Deal Talk Sees Shares at High
By WOOD, Alan
Pike River Coal (PRC) shares have hit a record on expectations of a new top benchmark for coking coal prices.
PRC shares yesterday closed 7c higher at 117c, off an intra- day high of 118c, on 620,000 shares crossed. The previous high was 115.2c.
Market players say PRC and the New Zealand economy are benefiting from Asian expansion. Demand for goods from China and India — with a combined population of 2.5 billion — would help stimulate the economy despite threats from a US recession.
Christchurch’s Hamilton Hindin Greene client adviser James Smalley said PRC’s recent work to secure moving coal, via Solid Energy and Lyttelton Port of Christchurch, had encouraged investors and helped the share price.
McDouall Stuart Securities research head John Kidd said the share price reflected PRC’s position to take advantage of benchmark coal prices and its progress in tunnelling at its West Coast mine. The shares had also outperformed the main New Zealand Exchange indices in recent months.
PRC has nearly finished the pit-bottom stage of a 2.3km tunnel to a coal seam. It has targeted 200,000 tonnes of coal production in the year to June 30, 2009. Mining is to start in July.
PRC had committed to mining over a million tonnes of coal a year, but the high benchmark prices would probably pull back from the 2009- 10 year with more Australian capacity coming onstream, and Australian port investment, Kidd said.
The outcome of important talks between Australian miners and Japanese steel producers on a benchmark for prices between now and March 2009 was “pretty much imminent”, Kidd said. “There’s been plenty of rumour but there hasn’t been a final confirmation of price … we’re still waiting but really all indications are incredibly positive.”
Industry talk has spot prices for coking coal going up to $US330 ($NZ423) a tonne. The consensus is for the benchmark now being negotiated to settle at $US200-300 a tonne, up from the $US98 a tonne set for 2007-08.
Supplies of coking coal had dried up due to both recent flooding in Queensland, which had badly affected mining, and constraints at ports along Australia’s east coast, with China now a net importer rather than a net exporter.
Asian economies remained tigers, Kidd said. “The rate of growth in China still is so strong and the consumption so large … there’s still serious optimism about the level of import that China will require,” he said.
PRC chief executive Gordon Ward agreed the benchmark would be negotiated in the $US200-300 a tonne range in the short term. A recent McCloskey Group report had a rumour that BHP Billiton had agreed a price of either $US290/ t or $US305/t with the world’s biggest steel maker, Arcelor Mittal.
“If it comes in at about $US300 a tonne or something slightly below that, it’s going to be at markedly increased levels over previous record amounts,” Ward said.

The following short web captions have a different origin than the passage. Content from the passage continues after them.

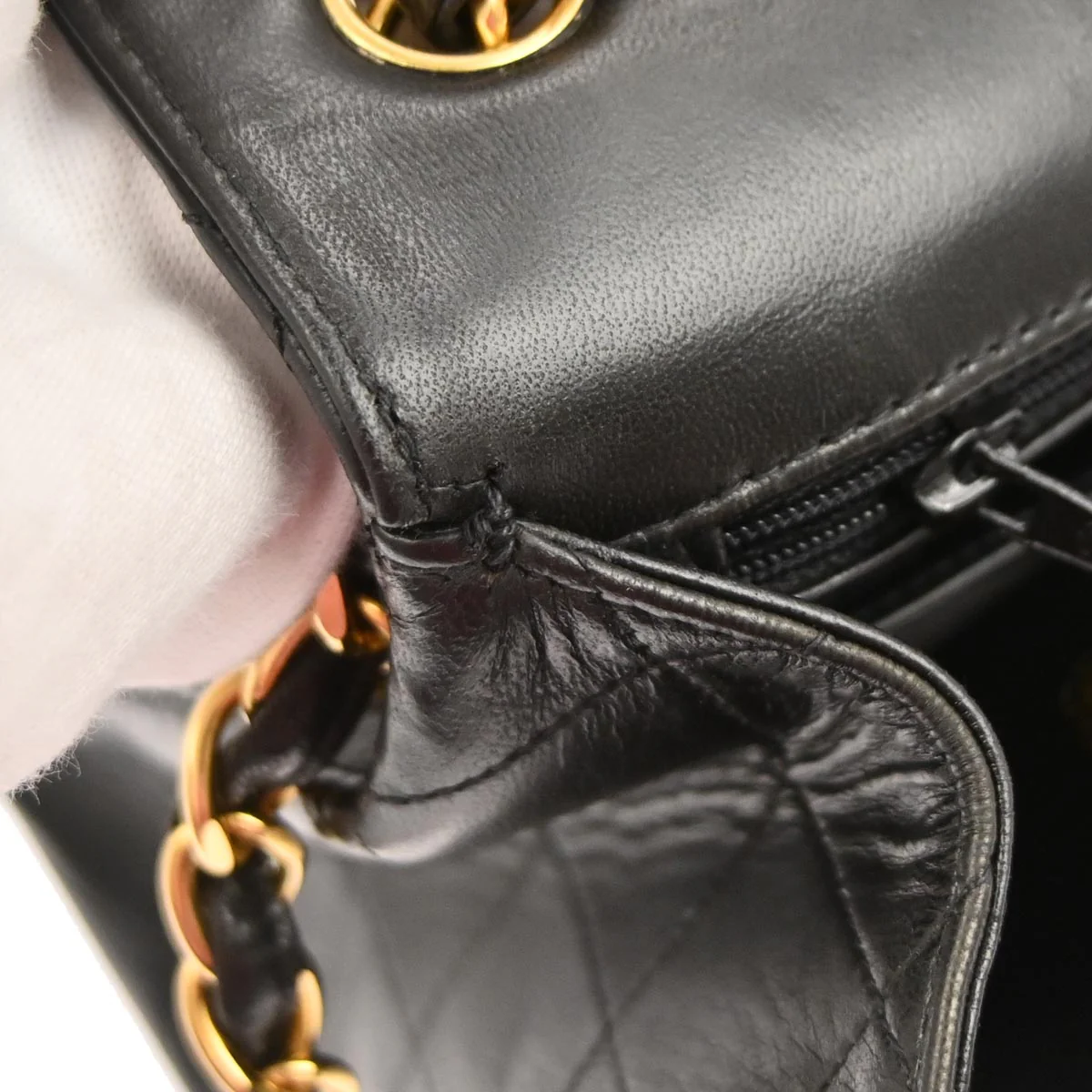 Chanel 1996-1997 Black Lambskin Jumbo Classic Flap Shoulder Bag - Image 7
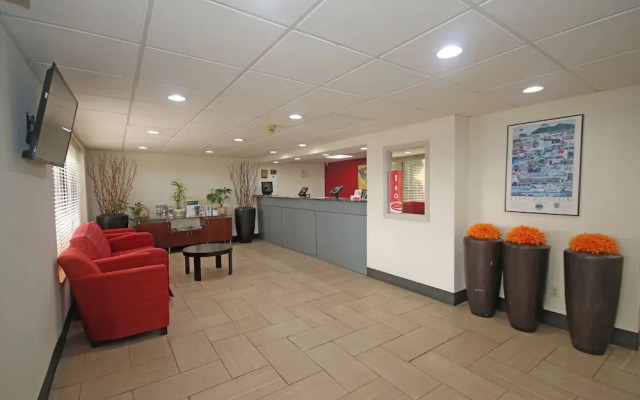 Econo Lodge Pilot Mountain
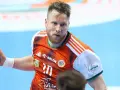 Piłkarz ręczny z pomarańczową koszulką i fioletową piłką. Sprawdź superliga#piłka ręczna terminarz, by poznać daty meczów.
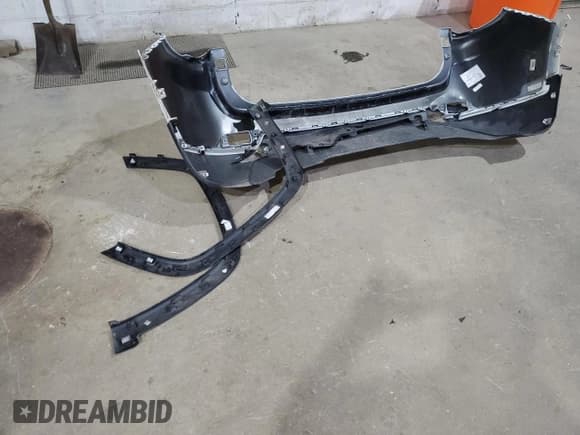 ✅ 2019 Jeep Compass Latitude • VIN: 3C4NJDBB3KT742424 • Lot: 80637305. Listed on Copart with 69,974 mi. Free auction sales archive from the USA and detailed vehicle history report at DreamBid. Image 13.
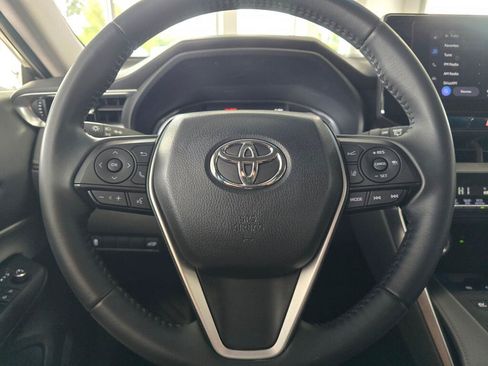 Used 2023 Toyota Venza LE AWD/4WD image 21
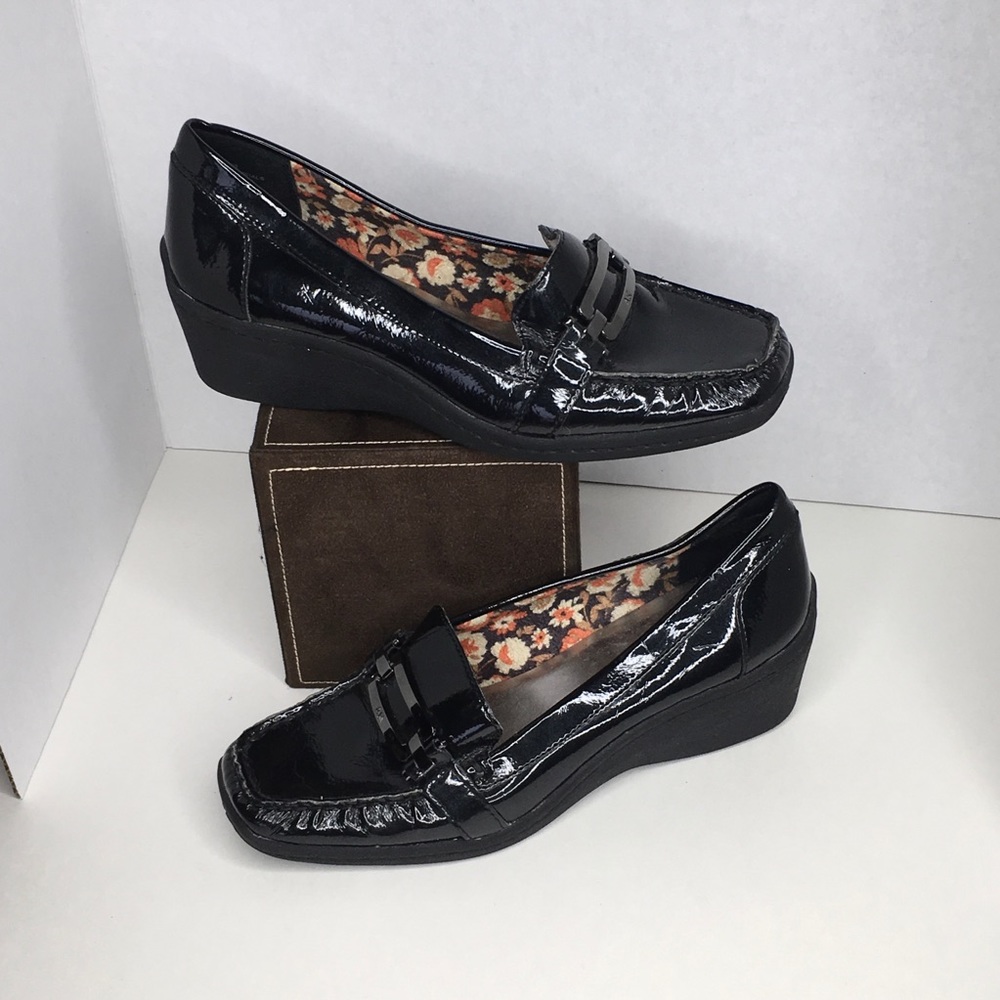 AK Anne Klein iflex Black Patten Shoes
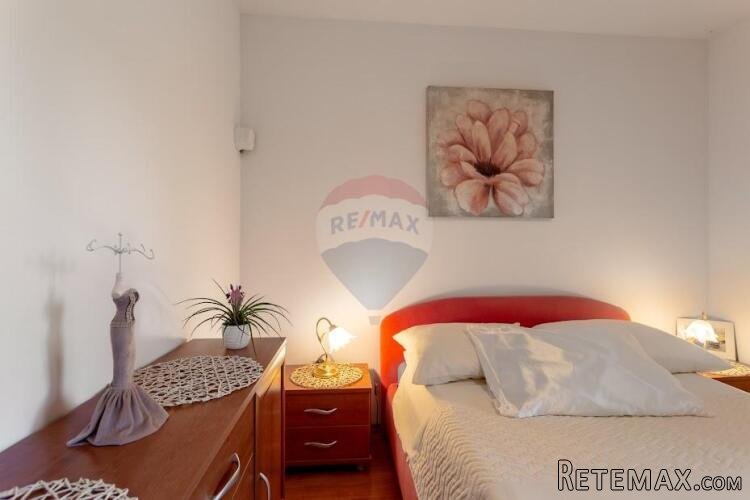 Klana - apartman 2 sobe, 2 kuhinje, 2 dnevna boravka - 100m2 - 9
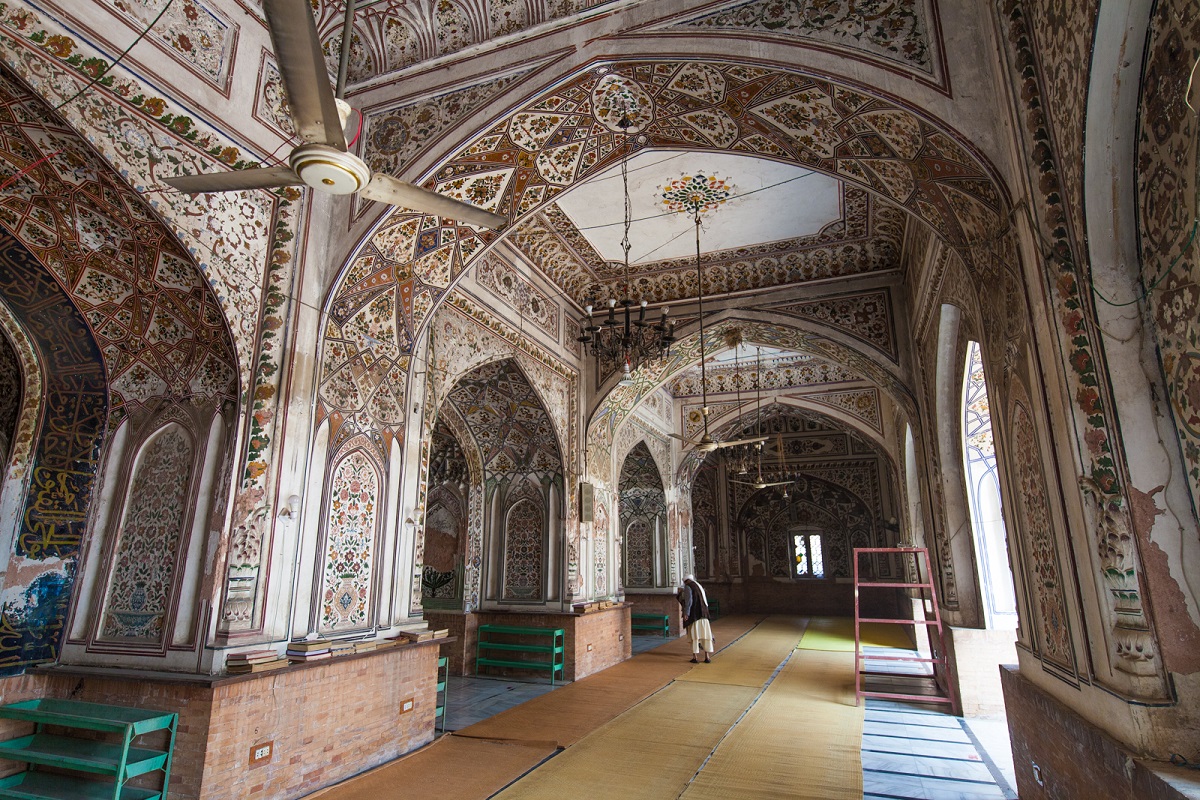 Mahabat Khan Mosque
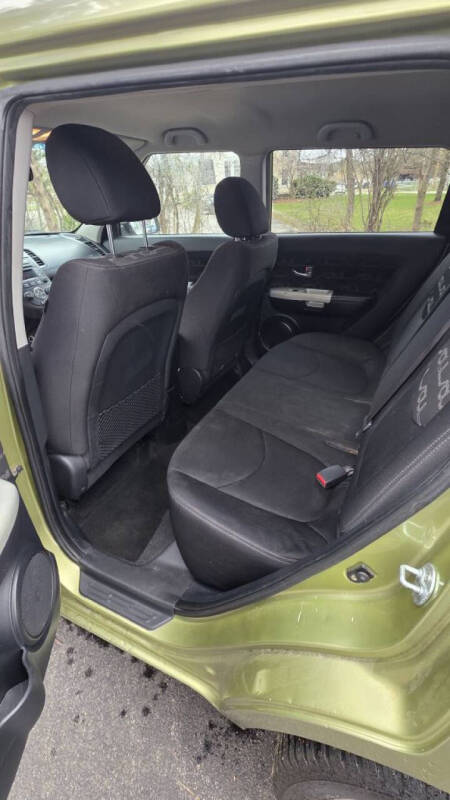 2012 Kia Soul +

PRC expected benchmark prices to fall over time, but New Zealand’s economy would benefit from a continued Asian steel sector boom and strong growth rates, he said.
Solid Energy South Island general manager Simon Doig said he understood BHP Billiton was in Tokyo yesterday talking to Nippon Steel on benchmark prices. “Nothing definitive has come out yet, but all signs are that prices will be very healthy.”